社用車の助手席

駅まで十分。菅原朋也は社用車の助手席で、膝の上に小さな段ボールを抱えていた。明日から金沢営業所へ転勤する。運転している井川穂乃香とは、昨日まで同じチームだった。

車内には、二人で使った短い音声ケーブルが残っている。出張のたび、穂乃香の携帯をつなぎ、朋也が曲を選んだ。付き合っていることを誰にも言えない車内だけが、二人の部屋だった。赤信号の短い時間だけ手をつなぎ、青になる前に離す。走行記録には距離と燃料しか残らず、沈黙の長さはどこにも記録されなかった。

「駅前でいい?」

「時間ないから、ロータリーで」

先月、棚卸しの数字が合わず、穂乃香の入力ミスが疑われた。調査の翌日、朋也の転勤が決まった。穂乃香は、彼が自分の名前を出して逃げたと思っている。

「金沢、希望してたんだってね」

「人が足りないとは聞いてた」

「私のミスを話した?」

「話した」

赤信号で車が止まる。穂乃香の指がハンドルを強く握った。

「最低」

「そうだな」

本当は、入力を急がせたのは朋也だった。承認も確認も自分がした。穂乃香を処分対象から外す代わりに、欠員のある営業所へ移ると申し出た。だが彼女には「会社の判断」とだけ伝えるつもりだった。

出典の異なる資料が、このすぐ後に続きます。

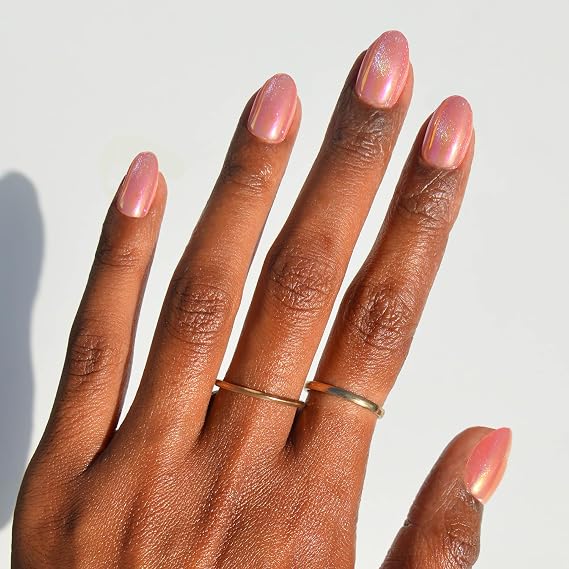 Glamnetic Press On Nails - Short Oval, Velvet Fake Nails 30 Pc Full Kit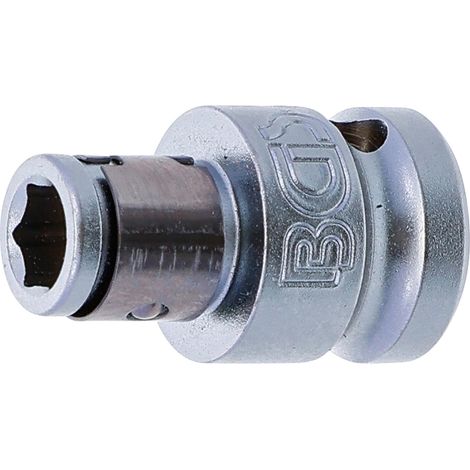 1 Adaptateur avec bille de retenue 10 mm six pans intérieurs 6,3 mm pour outil mécanique (1/4)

駅前まで残り三分。朋也は音声ケーブルを抜き、ダッシュボードへ置いた。

その瞬間、車のBluetoothが着信を拾った。部長の声がスピーカーから流れる。

〈菅原、本人にはもう説明したか? 井川を守るために異動を志願した件だ。監査が終わったから、黙っておく必要は――〉

朋也が切るより、穂乃香が先にブレーキを踏んだ。後続車のクラクションが鳴る。

「どうして言わなかったの」

「君が自分を責めるから」

「責める相手を、あなたにしたままで?」

駅の発車ベルが遠くに聞こえた。

朋也は段ボールを抱え、車を降りた。「そのほうが、離れやすいと思った」

穂乃香は追わなかった。朋也が改札へ消えたあと、会社へ戻る。車両管理簿の返却欄に署名し、キーをラックへ掛けた。

音声ケーブルだけは、助手席から外して自分の鞄へ入れた。次の出張で聴く相手は、まだ決めなかった。